Cs 2017: Beyond Productive Tensions: Reconfiguring Modal and Disciplinary Expertise

I’ll be presenting at CCCC 2017 (#4C2017) on navigating tensions that arise when operating outside of one’s expertise, as brought about by situational or methodological necessity. Speaking with Melissa Yang, Laura Feibush. Chaired by Ben Miller. Saturday at 12 noon, session M. 34 in D137. Here’s our proposal/abstract:

At CCCC 2016, thirteen talks foregrounded “failure” and “difficulty,” indicating an emergent interest in compositional and methodological practices where being a novice may be preferable to expertise, or where failures, in hindsight, can be refigured as potential.
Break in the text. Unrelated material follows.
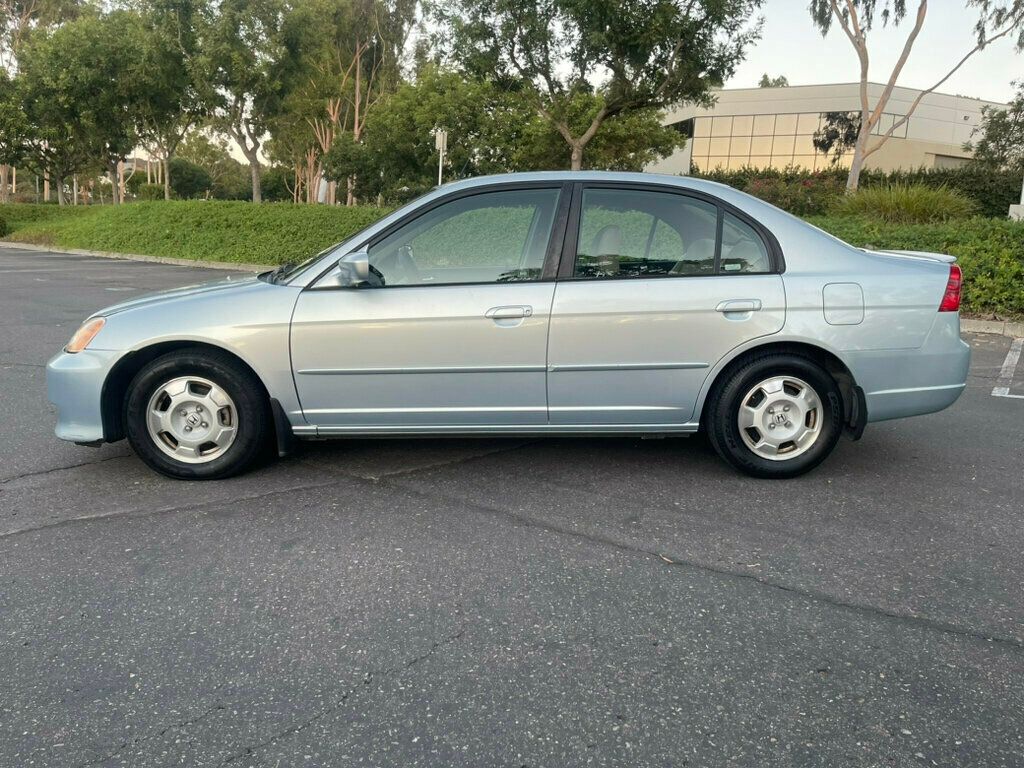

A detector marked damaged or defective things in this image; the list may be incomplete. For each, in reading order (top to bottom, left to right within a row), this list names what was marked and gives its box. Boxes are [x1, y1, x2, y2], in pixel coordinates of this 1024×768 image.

crack in asphalt [385, 479, 1024, 651]
crack in asphalt [74, 700, 228, 765]
crack in asphalt [222, 626, 468, 765]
Talks ranged from personal and professional perceptions of failure (Boyle, Vitanza, Bernard-Donals), to when artifacts seem to fail us (Rice), to programmatic successes balanced with failures (Waters, Young, Dean), to collaborative failures (Riley-Mukavetz, Powell, Levy, Selfe). Presenters called for colleagues to embrace opportunities to “be bad at stuff” (Vee, Ittersum, Lockridge, Sullivan). Perhaps we are merely catching up. An article on start-ups, “Failing Upwards,” calls storytelling around failures “a way to wring insight from failure, but…also a way of proclaiming membership in a community of innovators who are unafraid of taking risks” (Losse).

Invoking the call to “cultivate capacity,” each speaker relates an experience where an unexpected circumstance or rhetorical exigence led to new (to them) modal and methodological practices. Speaker one, researching constrained writing practices, relates the experience of learning computer code. Speaker two, who studies embodied listening in pedagogical contexts, tells of how physical injury necessitated using web-conferencing software to teach. Speaker three shares her experience transforming a paper written for nonfiction and history of science courses for an English studies journal. In each, the speakers have modal and disciplinary expertise that should have helped the transition into new practices, but ended up rubbing up against that expertise in challenging and unexpected ways.
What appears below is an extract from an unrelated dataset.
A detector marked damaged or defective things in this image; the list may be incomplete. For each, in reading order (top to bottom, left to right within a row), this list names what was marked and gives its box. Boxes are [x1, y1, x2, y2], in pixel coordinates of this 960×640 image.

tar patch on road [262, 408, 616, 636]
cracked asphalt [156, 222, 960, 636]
The speakers will initiate a conversation about transformative experiences in the labor of academic work, and will keep presentations short for ample discussion. They will offer a writing/reflection task for attendees, to invite all to reflect on, share, and troubleshoot their own experiences. We are in familiar territory when risk of failure is framed as experiment (via Shipka, among others), difficulty (Salvatori and Donahue, and more), maker mentalities (Bogost, etc.), or novice experiences on the path toward expertise (Beaufort), especially in pedagogy. Little work exists in our field, however, about the risk of failure outside of safe spaces, or about situations not temporally distanced enough to benefit from hindsight. Ultimately, this panel will spark dialogues about cultivating, for ourselves and our colleagues, spaces for pushing through the challenges of adapting to and selecting from an increasingly wide range of methods and modes available to composition and rhetoric scholars.
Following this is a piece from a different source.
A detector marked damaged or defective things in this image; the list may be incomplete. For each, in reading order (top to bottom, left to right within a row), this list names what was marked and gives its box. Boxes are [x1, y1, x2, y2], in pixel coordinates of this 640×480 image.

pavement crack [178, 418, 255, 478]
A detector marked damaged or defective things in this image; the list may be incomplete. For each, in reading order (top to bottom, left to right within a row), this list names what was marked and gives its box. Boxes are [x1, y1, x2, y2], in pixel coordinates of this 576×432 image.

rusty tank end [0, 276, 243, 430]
Constraint is not Constraint: Procedural Literacy and Learning to Code (Moriah Purdy)

Speaker 1 meditates on the calls to computational and procedural literacy and making (as advanced by scholars such as Vee, Bogost, Mateas, Wing, and diSessa) and her own experience learning some computer code for a distant-reading genre study on commonplace book practices circulated through Pinterest. With a background in experimental, highly constrained, procedural poetics, the speaker is “fluent” in what she’ll identify as “hand-made” procedural modes of making, the design of systems to constrain one’s use of language in authoring acts. But as a novice programmer, authoring computer functions was an exhausting task, albeit ultimately worthwhile. Researchers interested in the digital humanities consistently meet up against the technical limitations of learning the vast array computer-assisted methods becoming viable to us in rhetoric/composition. The speaker will begin to unpack what is really happening when critical understanding rubs up against the practicalities of enacting new methods, in order to ask: what are the stakes (personal, institutional, critical) when one throws oneself into the unfamiliar territory of the (largely autodidactic) acquisition of new methodological tools? How might we cultivate an optimistic orientation toward the exigencies at the crux of the innovative, though still emergent, methods of our field?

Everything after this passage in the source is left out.